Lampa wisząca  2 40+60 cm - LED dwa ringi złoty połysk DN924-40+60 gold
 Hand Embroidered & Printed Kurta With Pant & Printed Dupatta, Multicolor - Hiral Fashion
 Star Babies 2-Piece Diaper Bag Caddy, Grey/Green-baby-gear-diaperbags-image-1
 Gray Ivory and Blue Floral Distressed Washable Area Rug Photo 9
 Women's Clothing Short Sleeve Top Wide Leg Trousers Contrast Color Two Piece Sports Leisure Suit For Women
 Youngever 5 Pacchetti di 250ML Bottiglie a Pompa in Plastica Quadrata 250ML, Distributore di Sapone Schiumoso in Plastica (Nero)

- Assigned task -
A word-for-word restatement of every record above is expected.

- Solution for this task -
Lampa wisząca  2 40+60 cm - LED dwa ringi złoty połysk DN924-40+60 gold
 Hand Embroidered & Printed Kurta With Pant & Printed Dupatta, Multicolor - Hiral Fashion
 Star Babies 2-Piece Diaper Bag Caddy, Grey/Green-baby-gear-diaperbags-image-1
 Gray Ivory and Blue Floral Distressed Washable Area Rug Photo 9
 Women's Clothing Short Sleeve Top Wide Leg Trousers Contrast Color Two Piece Sports Leisure Suit For Women
 Youngever 5 Pacchetti di 250ML Bottiglie a Pompa in Plastica Quadrata 250ML, Distributore di Sapone Schiumoso in Plastica (Nero)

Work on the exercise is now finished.